Diabetic Foot Ulcers
What Are Diabetic Foot Ulcers?
Diabetic foot ulcers are open wounds that develop on the feet of people living with diabetes. They are one of the most common and serious complications of diabetes, affecting roughly 15% of people with diabetes at some point in their lives. These ulcers form when a combination of diabetic neuropathy (nerve damage that reduces sensation in the feet), peripheral vascular disease (reduced blood flow to the extremities), and structural foot deformities create conditions that make the feet vulnerable to injury. Because patients often cannot feel the pain of a developing wound, diabetic foot ulcers can go unnoticed until they become severe.
Risk Factors and Complications
Risk factors for diabetic foot ulcers include poorly controlled blood sugar, peripheral neuropathy, poor circulation, a history of previous ulcers, foot deformities such as bunions or hammertoes, and improper footwear. Without timely, expert wound care, diabetic foot ulcers can lead to serious infections, osteomyelitis (bone infection), and in the worst cases, lower limb amputation. In fact, diabetic foot ulcers precede roughly 85% of diabetes-related amputations, which is why early intervention by a wound care specialist is so important.

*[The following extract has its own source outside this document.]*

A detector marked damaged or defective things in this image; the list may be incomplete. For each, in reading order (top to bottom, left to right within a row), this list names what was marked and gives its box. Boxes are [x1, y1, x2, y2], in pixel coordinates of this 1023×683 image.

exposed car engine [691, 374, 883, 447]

How Gateway Wound Care Treats Diabetic Foot Ulcers
Our approach to diabetic foot ulcer treatment in St. Louis begins with a thorough assessment of the wound, your circulation, sensation, and overall foot health. We provide professional wound debridement to remove dead tissue, select advanced wound dressings matched to your wound's needs, implement offloading strategies to relieve pressure on the ulcer, and monitor closely for signs of infection. We coordinate with your primary care physician and endocrinologist to ensure your diabetes management supports wound healing. We also educate patients and families on daily foot inspection, proper footwear, and signs of infection that need immediate attention.
Why Mobile Wound Care Helps
For patients with diabetes, mobility can be limited and transportation to a clinic is often difficult. Mobile wound care eliminates that barrier. Our specialists come to your home or facility, reducing the risk of further foot injury from travel and making it easier to maintain consistent treatment visits. Consistent, regular wound care is the single most important factor in healing a diabetic foot ulcer and preventing amputation.

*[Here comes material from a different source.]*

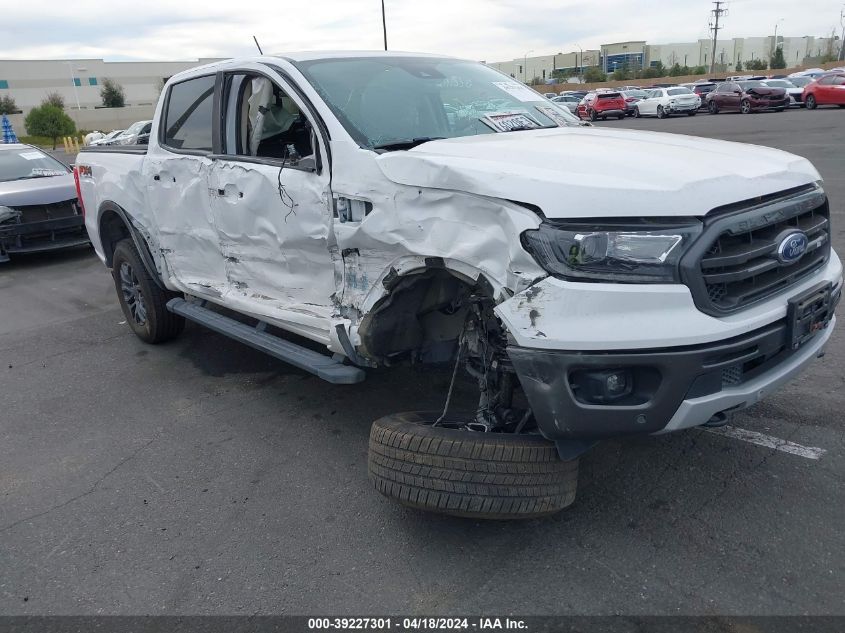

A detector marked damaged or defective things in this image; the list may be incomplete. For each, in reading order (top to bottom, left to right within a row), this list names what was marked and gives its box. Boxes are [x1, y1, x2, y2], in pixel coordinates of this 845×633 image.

damaged driver side door [208, 66, 336, 338]
detached tire on ground [110, 239, 185, 344]
detached tire on ground [370, 410, 580, 520]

Need treatment for a diabetic foot ulcer? Call us today.
Call (314) 804-8364Venous Leg Ulcers
What Are Venous Leg Ulcers?
Venous leg ulcers are chronic wounds that develop on the lower legs, most often near the inner ankle. They are caused by chronic venous insufficiency, a condition in which damaged or weakened valves in the leg veins fail to efficiently return blood to the heart. When blood pools in the lower legs, the sustained pressure damages skin and underlying tissues over time, eventually leading to an open wound. Venous ulcers account for the majority of all leg ulcers and can persist for months or even years without proper treatment.
Symptoms and Diagnosis
Venous leg ulcers typically appear as shallow, irregularly shaped wounds surrounded by discolored, hardened skin. The affected leg is often swollen, and patients may notice aching, heaviness, or itching in the leg before the ulcer develops. The wound itself often produces a significant amount of drainage. Proper diagnosis involves assessing venous function, and we may recommend vascular testing such as an ankle-brachial index (ABI) to confirm that arterial blood flow is adequate before beginning compression therapy.

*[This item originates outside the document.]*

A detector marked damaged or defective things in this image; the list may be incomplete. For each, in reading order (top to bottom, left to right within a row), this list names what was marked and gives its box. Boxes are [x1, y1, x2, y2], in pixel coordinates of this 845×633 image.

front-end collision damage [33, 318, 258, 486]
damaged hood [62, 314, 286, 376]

Treatment Approach: Compression Therapy
Compression therapy is the gold standard treatment for venous leg ulcers. By applying controlled external pressure to the leg, compression helps damaged veins return blood more efficiently and reduces the swelling that impairs healing. Our specialists select the appropriate compression system based on your vascular status, wound characteristics, and comfort needs. We combine compression with evidence-based wound dressings, gentle debridement when needed, and management of surrounding skin changes. Most venous leg ulcers respond well to consistent compression therapy, though healing may take several weeks to months depending on the ulcer's size and duration.
Why Mobile Wound Care Helps
Patients with venous leg ulcers benefit enormously from regular, consistent treatment. Our mobile wound care model makes it easy to maintain the frequent visits that venous ulcers require, and our specialists ensure that compression is applied correctly every time. Proper compression application is a skill that requires training, and getting it right makes a significant difference in healing time.
Dealing with a venous leg ulcer? We can help.
Call (314) 804-8364Pressure Ulcers and Bedsores
What Are Pressure Ulcers?
Pressure ulcers, also known as bedsores or decubitus ulcers, are injuries to the skin and underlying tissue caused by prolonged pressure on the skin. They most commonly develop over bony prominences such as the sacrum (tailbone), heels, hips, and shoulder blades. Pressure ulcers are especially common in people with limited mobility, including those who are bedridden, wheelchair-bound, or recovering from surgery. Poor nutrition, incontinence, and reduced sensation also increase risk.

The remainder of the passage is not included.